Wherever the string "Hotel" occurs in a line of these records, report that line.
━━━━━ Data
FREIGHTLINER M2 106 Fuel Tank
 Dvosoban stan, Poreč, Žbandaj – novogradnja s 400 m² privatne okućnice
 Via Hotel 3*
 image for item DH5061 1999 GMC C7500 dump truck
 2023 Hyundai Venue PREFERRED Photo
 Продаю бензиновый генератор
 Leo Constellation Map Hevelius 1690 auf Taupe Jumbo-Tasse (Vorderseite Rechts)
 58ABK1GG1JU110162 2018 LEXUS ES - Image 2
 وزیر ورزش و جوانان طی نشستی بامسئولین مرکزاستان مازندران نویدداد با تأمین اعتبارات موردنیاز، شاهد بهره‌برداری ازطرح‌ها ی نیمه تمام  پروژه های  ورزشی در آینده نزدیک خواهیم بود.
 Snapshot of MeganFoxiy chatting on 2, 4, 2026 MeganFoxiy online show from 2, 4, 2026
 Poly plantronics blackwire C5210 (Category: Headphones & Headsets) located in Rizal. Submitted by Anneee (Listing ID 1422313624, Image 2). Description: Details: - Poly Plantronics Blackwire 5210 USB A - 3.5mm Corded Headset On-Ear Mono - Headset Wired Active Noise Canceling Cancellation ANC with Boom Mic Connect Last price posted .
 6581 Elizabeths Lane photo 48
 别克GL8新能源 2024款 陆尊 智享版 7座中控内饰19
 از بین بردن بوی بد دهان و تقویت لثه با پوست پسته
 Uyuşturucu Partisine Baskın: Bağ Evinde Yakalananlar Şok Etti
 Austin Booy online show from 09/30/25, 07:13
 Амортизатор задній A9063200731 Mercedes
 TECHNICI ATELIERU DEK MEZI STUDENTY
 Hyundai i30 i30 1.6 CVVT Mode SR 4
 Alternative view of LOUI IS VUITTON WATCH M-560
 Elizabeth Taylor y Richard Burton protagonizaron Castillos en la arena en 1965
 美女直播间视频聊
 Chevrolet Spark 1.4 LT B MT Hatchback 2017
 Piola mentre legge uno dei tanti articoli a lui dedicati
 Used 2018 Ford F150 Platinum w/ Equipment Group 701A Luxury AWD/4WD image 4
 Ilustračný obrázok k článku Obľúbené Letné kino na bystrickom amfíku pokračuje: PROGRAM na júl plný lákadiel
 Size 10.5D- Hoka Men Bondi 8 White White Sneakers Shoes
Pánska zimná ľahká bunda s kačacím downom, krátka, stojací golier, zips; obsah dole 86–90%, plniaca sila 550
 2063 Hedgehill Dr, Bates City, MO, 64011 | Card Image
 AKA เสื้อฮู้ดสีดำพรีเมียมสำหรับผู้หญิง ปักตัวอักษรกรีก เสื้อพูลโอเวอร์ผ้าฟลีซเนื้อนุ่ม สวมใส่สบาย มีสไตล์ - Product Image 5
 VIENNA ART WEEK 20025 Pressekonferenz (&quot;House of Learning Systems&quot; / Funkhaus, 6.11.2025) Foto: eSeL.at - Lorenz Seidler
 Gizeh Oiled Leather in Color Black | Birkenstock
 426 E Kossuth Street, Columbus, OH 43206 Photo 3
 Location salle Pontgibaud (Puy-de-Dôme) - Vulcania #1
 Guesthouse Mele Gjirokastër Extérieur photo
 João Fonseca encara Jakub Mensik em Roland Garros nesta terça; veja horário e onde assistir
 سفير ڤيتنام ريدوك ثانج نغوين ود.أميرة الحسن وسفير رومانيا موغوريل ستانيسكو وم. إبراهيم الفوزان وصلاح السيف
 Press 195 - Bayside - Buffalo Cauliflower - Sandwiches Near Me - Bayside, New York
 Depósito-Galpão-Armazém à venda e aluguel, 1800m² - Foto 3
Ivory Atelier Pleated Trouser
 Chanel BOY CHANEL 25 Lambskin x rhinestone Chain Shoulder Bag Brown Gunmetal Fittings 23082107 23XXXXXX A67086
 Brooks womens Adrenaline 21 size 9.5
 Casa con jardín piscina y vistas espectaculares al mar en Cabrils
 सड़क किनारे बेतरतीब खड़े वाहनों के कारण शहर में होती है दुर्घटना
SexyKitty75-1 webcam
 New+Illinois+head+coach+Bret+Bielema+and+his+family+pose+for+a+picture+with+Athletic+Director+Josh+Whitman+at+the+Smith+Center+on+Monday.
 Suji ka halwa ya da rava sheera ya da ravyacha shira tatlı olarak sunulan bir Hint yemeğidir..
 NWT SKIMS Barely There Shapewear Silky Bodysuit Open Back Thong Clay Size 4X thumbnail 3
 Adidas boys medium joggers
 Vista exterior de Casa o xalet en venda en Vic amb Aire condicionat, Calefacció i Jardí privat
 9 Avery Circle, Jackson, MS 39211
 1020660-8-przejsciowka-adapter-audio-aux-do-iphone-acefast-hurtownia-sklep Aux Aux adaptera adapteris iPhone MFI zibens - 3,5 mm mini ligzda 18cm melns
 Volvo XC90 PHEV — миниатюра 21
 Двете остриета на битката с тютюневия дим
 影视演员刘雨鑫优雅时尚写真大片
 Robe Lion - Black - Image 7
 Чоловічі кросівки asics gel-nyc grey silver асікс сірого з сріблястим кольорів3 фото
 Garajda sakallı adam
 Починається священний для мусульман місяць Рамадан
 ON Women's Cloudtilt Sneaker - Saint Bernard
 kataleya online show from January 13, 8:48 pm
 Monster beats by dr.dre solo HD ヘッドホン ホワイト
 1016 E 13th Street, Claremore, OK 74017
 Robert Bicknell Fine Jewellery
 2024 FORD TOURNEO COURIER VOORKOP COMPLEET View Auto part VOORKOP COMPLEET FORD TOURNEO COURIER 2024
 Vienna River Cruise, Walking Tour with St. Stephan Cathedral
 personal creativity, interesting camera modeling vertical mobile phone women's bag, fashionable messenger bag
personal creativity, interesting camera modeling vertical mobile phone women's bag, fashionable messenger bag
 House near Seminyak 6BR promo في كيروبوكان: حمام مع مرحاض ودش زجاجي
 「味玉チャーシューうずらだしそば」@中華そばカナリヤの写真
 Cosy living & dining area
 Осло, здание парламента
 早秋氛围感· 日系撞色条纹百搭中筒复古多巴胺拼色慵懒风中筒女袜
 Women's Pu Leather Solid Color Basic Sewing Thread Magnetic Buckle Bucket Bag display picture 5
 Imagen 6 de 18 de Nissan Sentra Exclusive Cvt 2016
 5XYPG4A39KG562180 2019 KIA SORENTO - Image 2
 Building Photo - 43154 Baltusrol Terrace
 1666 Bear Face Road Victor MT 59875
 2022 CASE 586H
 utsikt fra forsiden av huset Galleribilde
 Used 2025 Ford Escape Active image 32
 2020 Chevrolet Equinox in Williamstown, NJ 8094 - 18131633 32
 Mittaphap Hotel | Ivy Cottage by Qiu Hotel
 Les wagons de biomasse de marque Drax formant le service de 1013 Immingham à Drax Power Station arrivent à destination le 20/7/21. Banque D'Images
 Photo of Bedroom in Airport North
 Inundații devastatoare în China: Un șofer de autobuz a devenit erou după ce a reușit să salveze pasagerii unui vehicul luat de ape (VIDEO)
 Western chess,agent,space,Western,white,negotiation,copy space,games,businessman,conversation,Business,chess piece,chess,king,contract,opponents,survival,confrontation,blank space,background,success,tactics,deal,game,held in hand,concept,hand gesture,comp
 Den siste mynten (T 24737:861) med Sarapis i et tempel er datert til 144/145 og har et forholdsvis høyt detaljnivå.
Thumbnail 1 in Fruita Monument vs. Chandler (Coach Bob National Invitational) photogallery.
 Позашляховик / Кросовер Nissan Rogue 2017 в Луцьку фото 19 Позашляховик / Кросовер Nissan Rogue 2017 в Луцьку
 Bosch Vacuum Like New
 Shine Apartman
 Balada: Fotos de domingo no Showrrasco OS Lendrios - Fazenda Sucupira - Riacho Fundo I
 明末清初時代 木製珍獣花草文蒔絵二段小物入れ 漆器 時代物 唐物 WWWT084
━━━━━━━━━━
▶ [Task response]:
 Via Hotel 3*
 Mittaphap Hotel | Ivy Cottage by Qiu Hotel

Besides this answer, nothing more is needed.